> [Data for processing]:

+===+

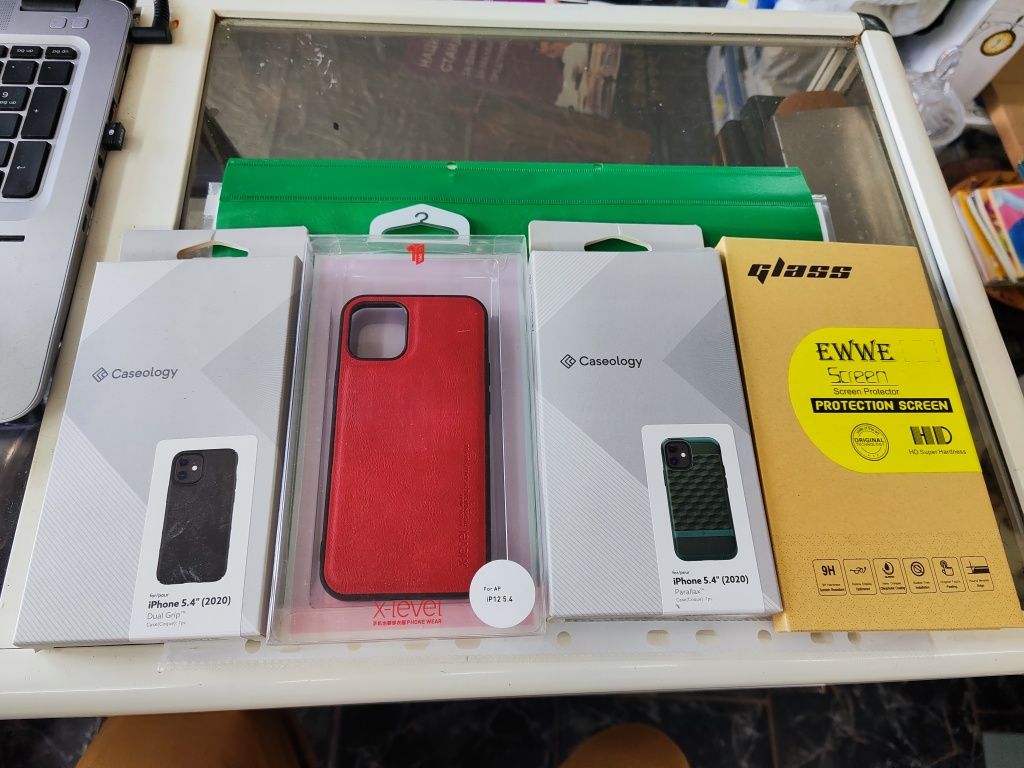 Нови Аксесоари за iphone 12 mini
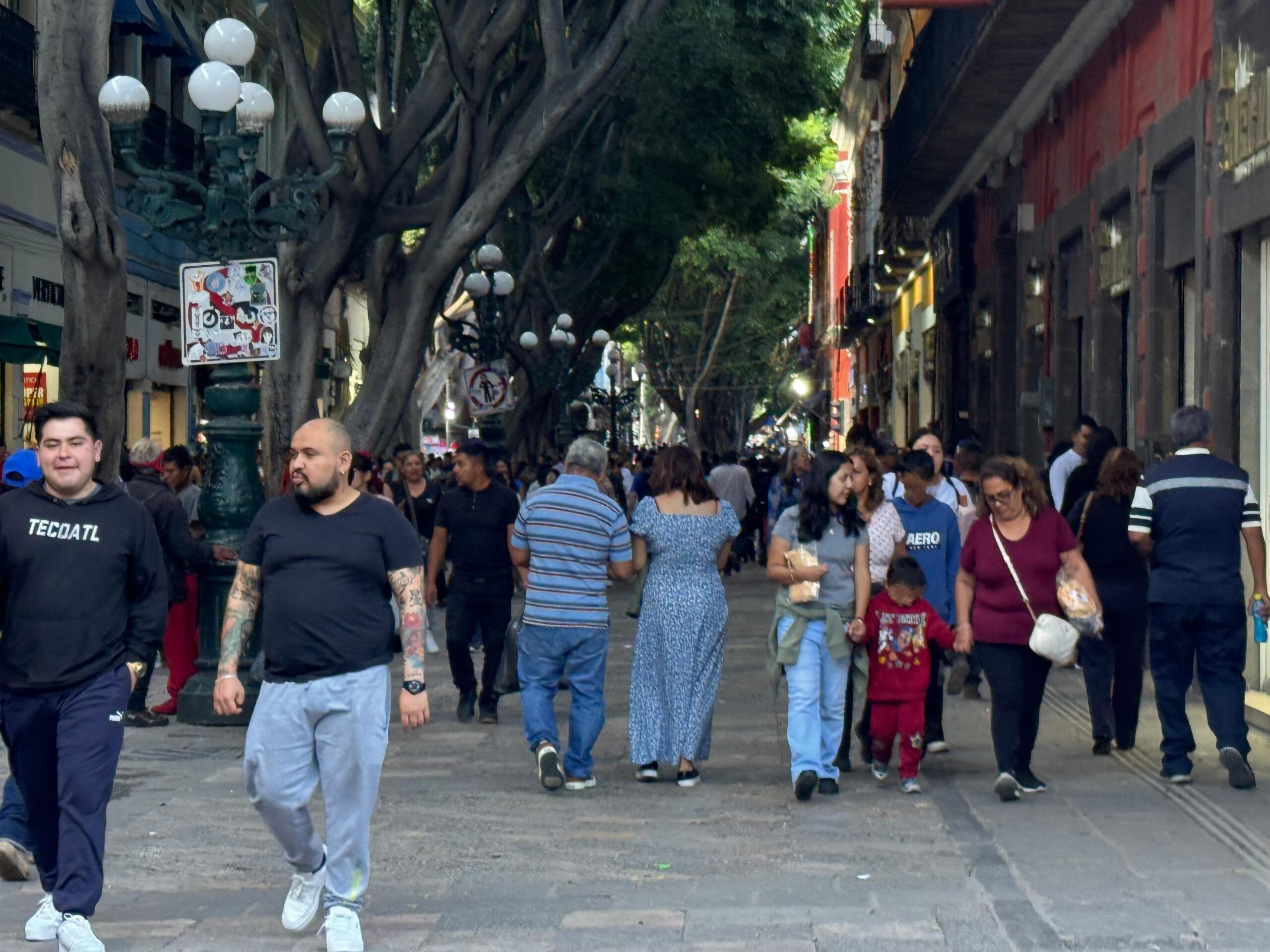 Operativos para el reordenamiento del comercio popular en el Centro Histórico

+===+

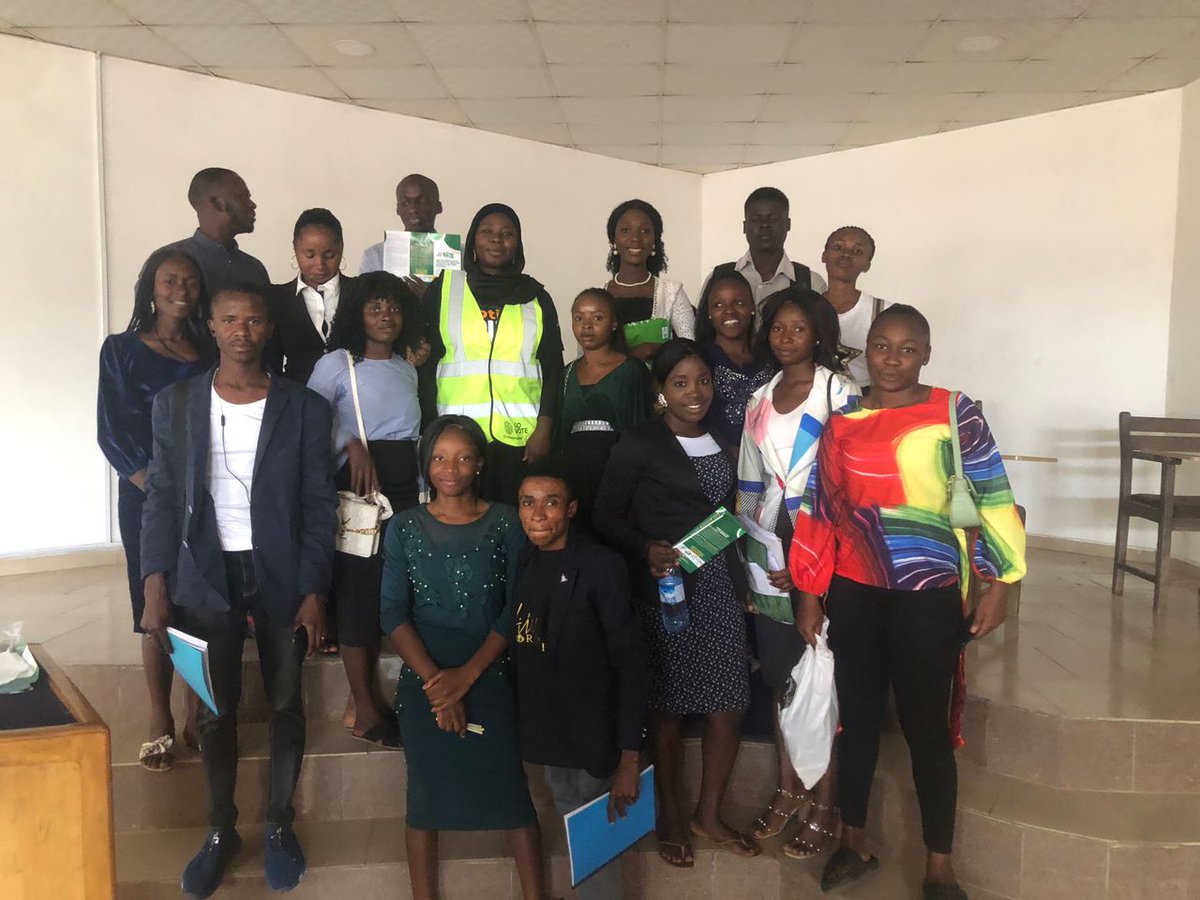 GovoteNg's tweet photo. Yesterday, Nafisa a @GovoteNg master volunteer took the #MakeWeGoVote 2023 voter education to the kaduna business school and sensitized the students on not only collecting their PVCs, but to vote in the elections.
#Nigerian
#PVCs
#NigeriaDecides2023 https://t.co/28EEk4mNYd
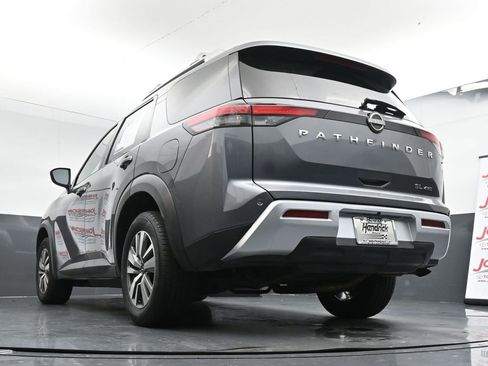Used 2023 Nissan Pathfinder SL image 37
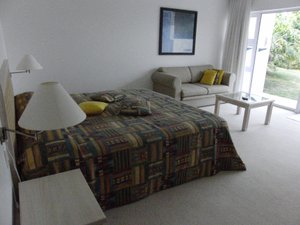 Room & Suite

+===+

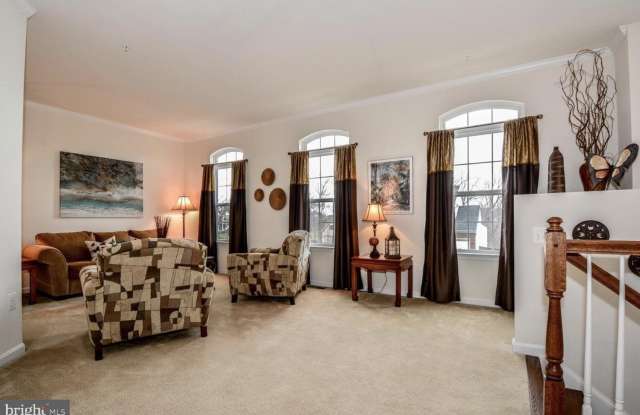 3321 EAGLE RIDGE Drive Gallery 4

+===+

In the listing above, find the line containing "GovoteNg's tweet photo." and the line containing "Room & Suite", then print exactly those two lines and every line between them, minus the pictures.

> [Exercise output]:
 GovoteNg's tweet photo. Yesterday, Nafisa a @GovoteNg master volunteer took the #MakeWeGoVote 2023 voter education to the kaduna business school and sensitized the students on not only collecting their PVCs, but to vote in the elections.
#Nigerian
#PVCs
#NigeriaDecides2023 https://t.co/28EEk4mNYd
Used 2023 Nissan Pathfinder SL image 37
 Room & Suite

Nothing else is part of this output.